O apelo à psicologia de sua época, por intermédio de Guyau, leva-o a rejeitar as visões mais libertárias de um Pestalozzi. Por essa via, o dispositivo disciplinar -núcleo da moralização laica- opera construindo punição, vergonha e culpa, onde o mestre é o juiz, as faltas exigem o fiscal e as crianças, sintoma do adulto infantilizado, são sempre supostos devedores. Em síntese, o ``dispositivo pedagógico, do qual o discurso durkheimiano parece ser um sintoma bem compensado, reduz-se no seu funcionamento a trocar desejo por culpa e culpa por demanda de amor", isto é, reconhecimento do Outro. A construção do sujeito social possui, como contraface, a destruição do sujeito desejante. Para a autora, na trama do discurso da moralidade durkheimiano, subjaz o disciplinamento da sexualidade a revelar o lado repressor, a personalidade rígida e puritana desse mestre da sociologia.

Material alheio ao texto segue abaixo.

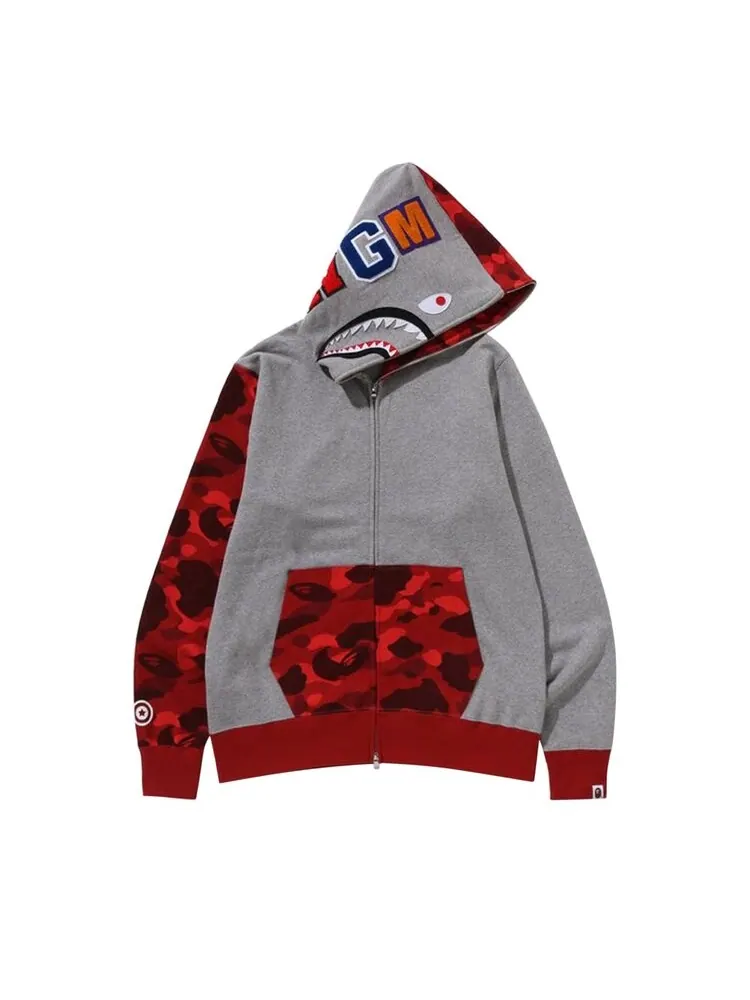 Худи BAPE Color Camo Shark Full Zip 'Red' — изображение 2 из 3, красный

O Durkheim domador das paixões não descarta o pensador identificado com os princípios da reforma e simpático aos ideais socialistas. No decorrer da sua vida, alimentou a paixão obsessiva de tentar a difícil conciliação entre ordem social e autonomia individual. Em nome desse sentido totalizador, enveredou por caminhos na busca de resolução da crise da moralidade do seu tempo. A ultrapassagem das suas concepções tende a significar a transposição das promessas irrealizadas da modernidade. Nessa trajetória, insere-se o livro instigante de Heloisa Fernandes, que se constitui em obra bem realizada, densa e reveladora da reflexão sociológica nos dias que correm. Nos domínios da sociologia emergem novos sintomas.